Sanofi completes buyout of Vigil Neurosciences for a small molecule TREM2 agonist program
August 14th, 2025 By John Widen
Sanofi completed a buyout of Vigil Neurosciences this past week that was announced in May
of this year for 8$/share or approximately $470 million. Previously,
Sanofi invested $40 million in Vigil last June (2024). This deal closed around the same time that Vigil's
TREM2 (triggering receptor expressed on myeloid cells 2) antibody agonist,
VG101 (iluzanebart), failed to meet biomarker and clinical endpoints for a phase 2 trial in a rare
neurological disease, CSF1R-related Axonal Spheroids and Pigmented Glia (CSF1R-ALSP).

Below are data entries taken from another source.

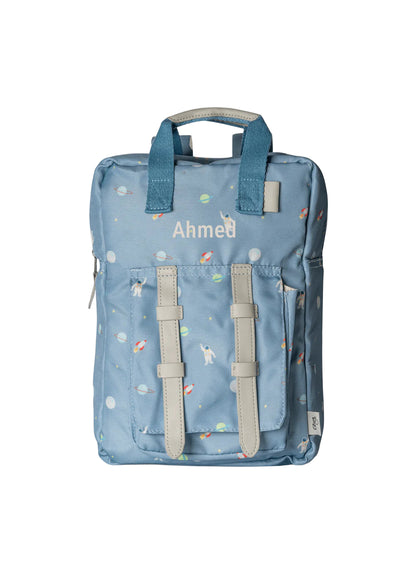 Kids Backpack - Spaceship Dusty Blue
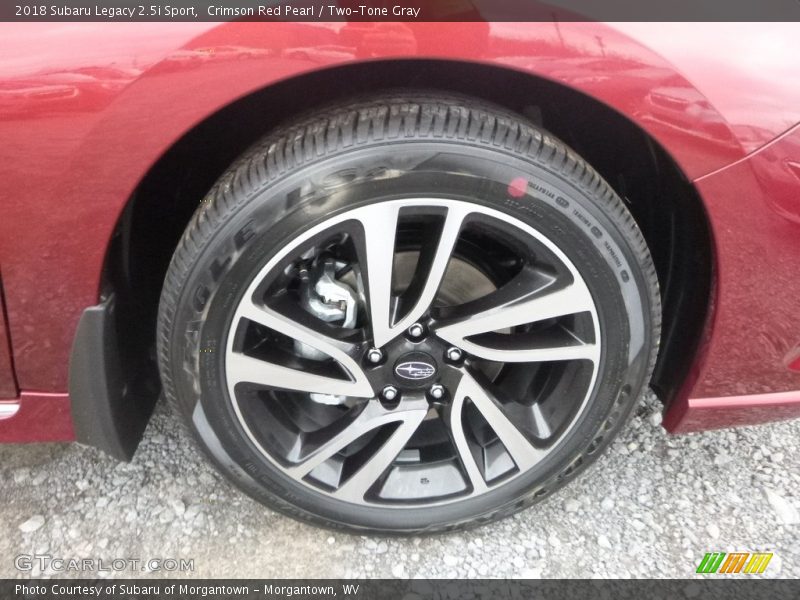 Crimson Red Pearl / Two-Tone Gray 2018 Subaru Legacy 2.5i Sport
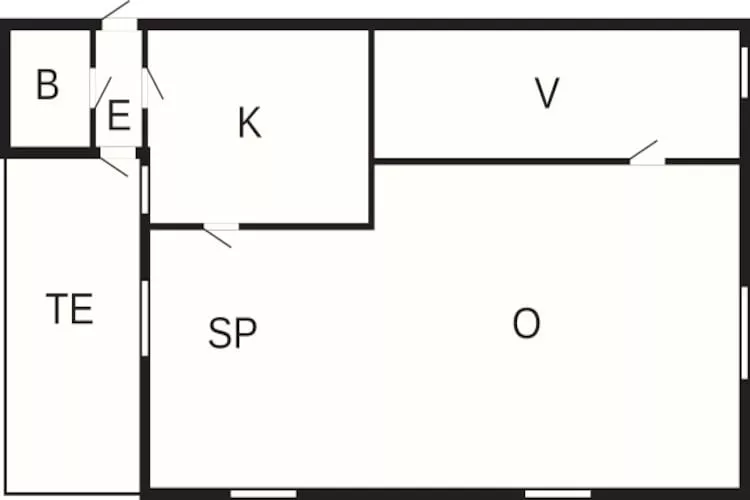 8 person holiday home in hauglandshella-Floor plan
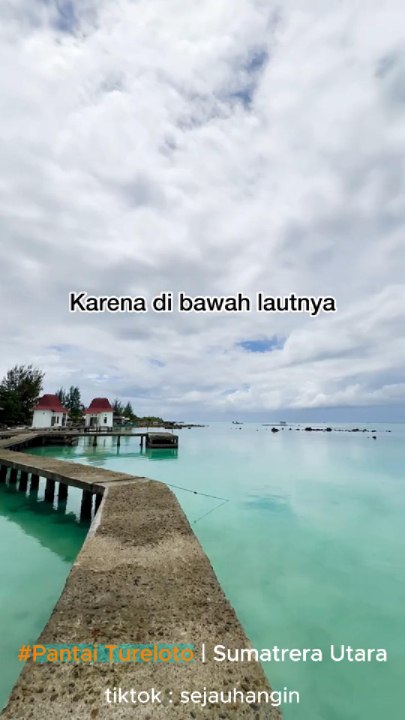Pantai Tureloto yang Ada Di Sumut Keren Banget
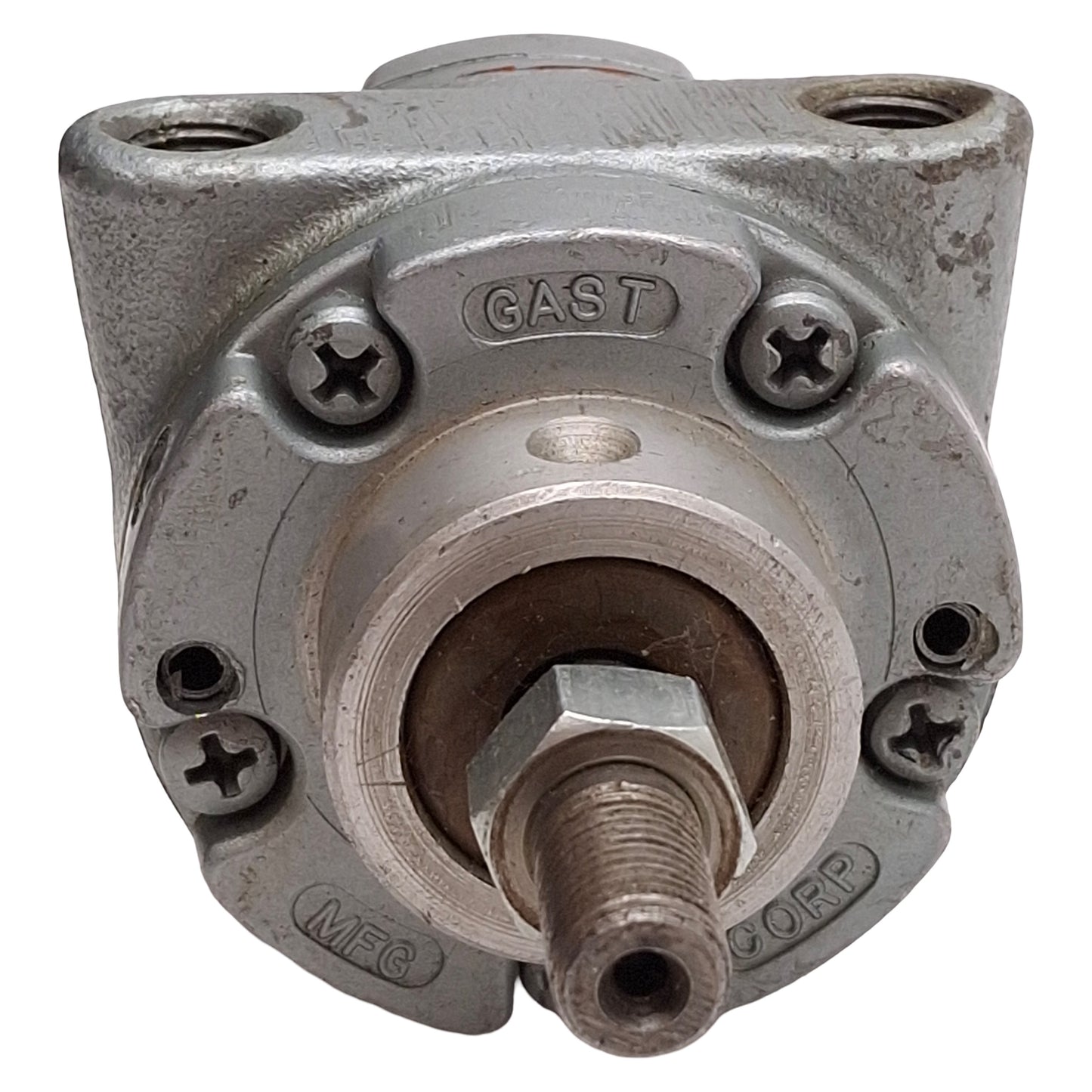 Used Gast 1AM-NCC-12 Air Motor, CCW, 100psi, 1/2HP, 10000rpm, 1/8in NPT, 3/8in Shaft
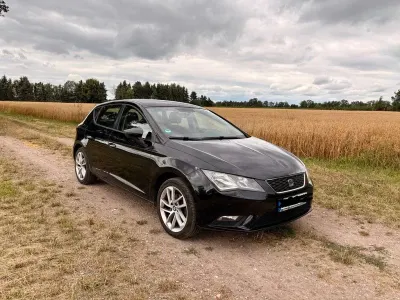 Gebraucht Seat Leon Style 150 PS (110 kW) 2013 Schwarz Limousine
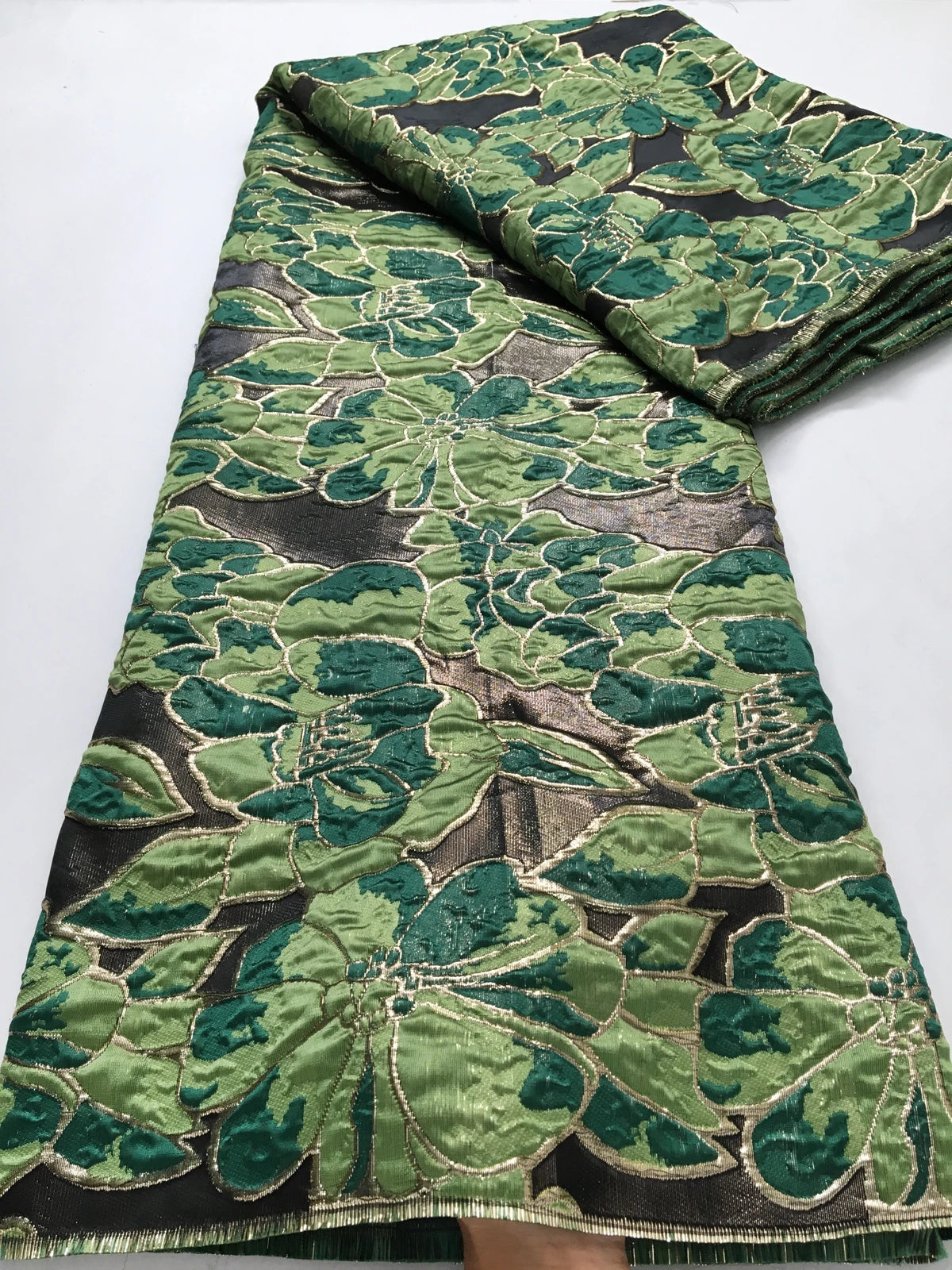 Kalume French Jacquard Lace Fabric Brocade Embroidery
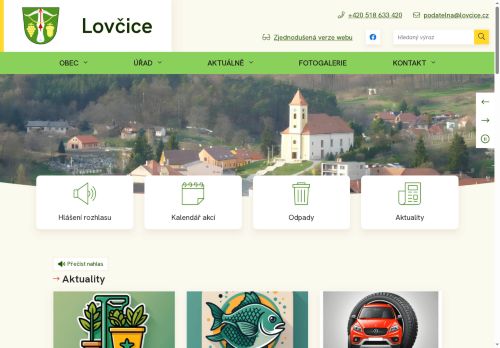 Zobrazit webové stránky Obecní úřad Lovčice
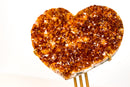 AAA - Quality Citrine Heart with rare Madeira Orange Druzy - E2D Crystals & Minerals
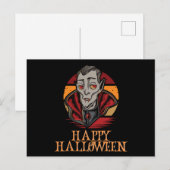 Happy Halloween Funny Creepy Character Briefkaart (Voorkant / Achterkant)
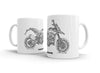 Ducati Hypermotard 939SP 2017 White Ceramic Mug Hooligan Apparel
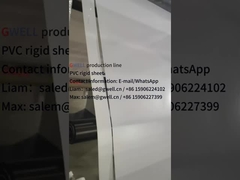 یکپارچگی خوب - خط اکستروژن ورق سخت شفاف و رنگی PVC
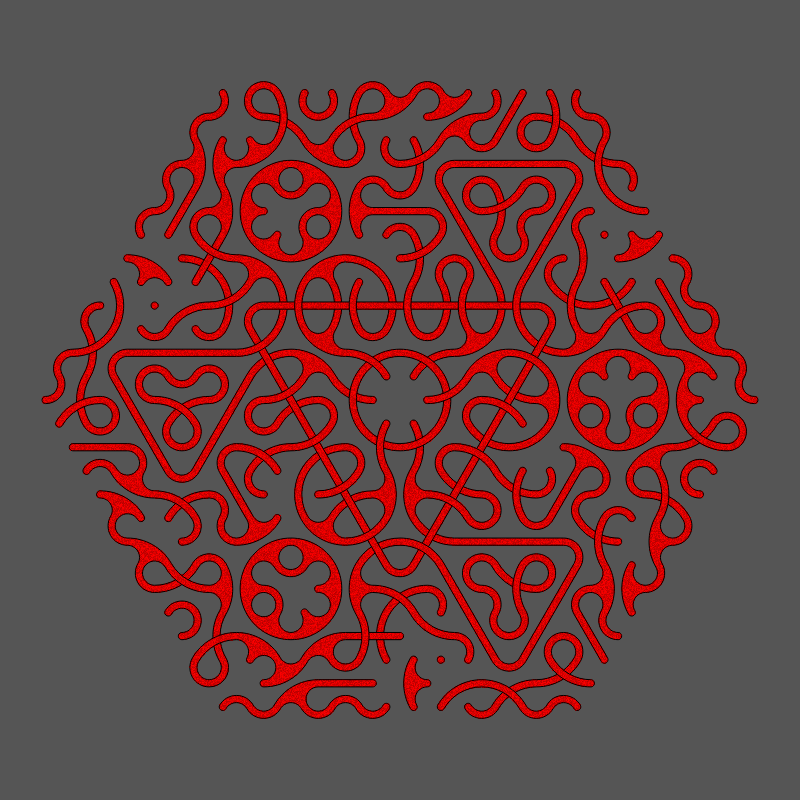 Threefold Symmetry - Dark Variations #10 static token preview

Iluzanebart was meant to address a subpopulation of patients with loss-of-function mutations
in CSF1R (Colony Stimulating Factor 1 Receptor) causing ALSP. TREM2 signaling overlaps with the
CSF1R downstream pathway involving phosphoinositide-3-kinase (PI3K) and modulates
CSF1R cell surface expression. After the phase 2 failure, iluzanebart was dropped from the
Sanofi deal and given to Amgen, leaving only the TREM2 small molecule agonist
program that completed a phase 1 trial in February of 2025. I thought this would be a good
time to focus on TREM2 as a drug target for Alzheimer’s disease, cover the recent clinical
failures of TREM2 antibody agonists, and discuss some of the TREM2 agonist chemical matter
in the literature.
Vigil Neurosciences is a single target biotech company focused on a cell surface receptor TREM2,
which is a drug target for Alzheimer's disease because it is a genetic risk factor identified in
large population genome-wide association studies (GWAS)
and has biological relevance to neurodegeneration.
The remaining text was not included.